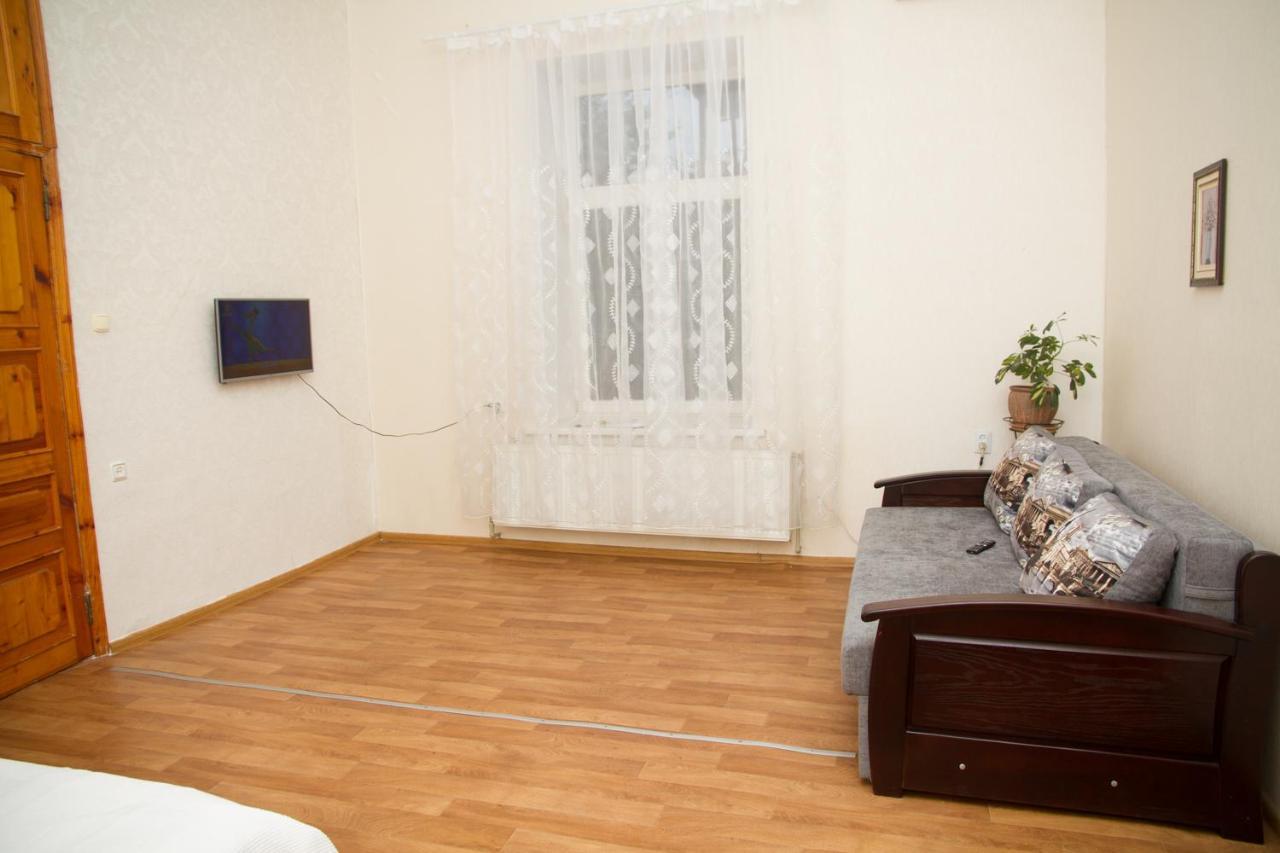 Apartment On Zhukovskogo Odessa Dış mekan fotoğraf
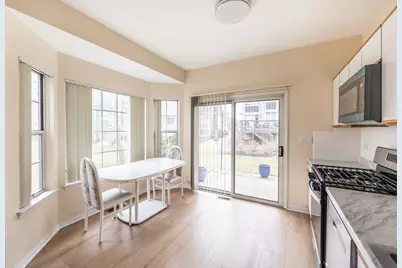 1179 Edington Court, Carol Stream, IL 60188 - Photo 3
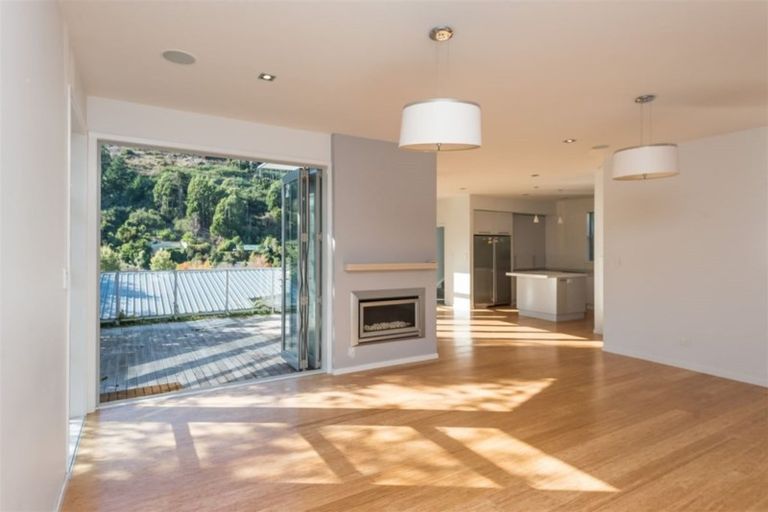 Photo of property in 5 Maurice Knowles Lane, Cashmere, Christchurch, 8022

PROBLEM DETAILS:
Take the listing above and print it exactly, apart from the pictures.

EXERCISE ANSWER:
 Apartment On Zhukovskogo Odessa Dış mekan fotoğraf
 1179 Edington Court, Carol Stream, IL 60188 - Photo 3
 Photo of property in 5 Maurice Knowles Lane, Cashmere, Christchurch, 8022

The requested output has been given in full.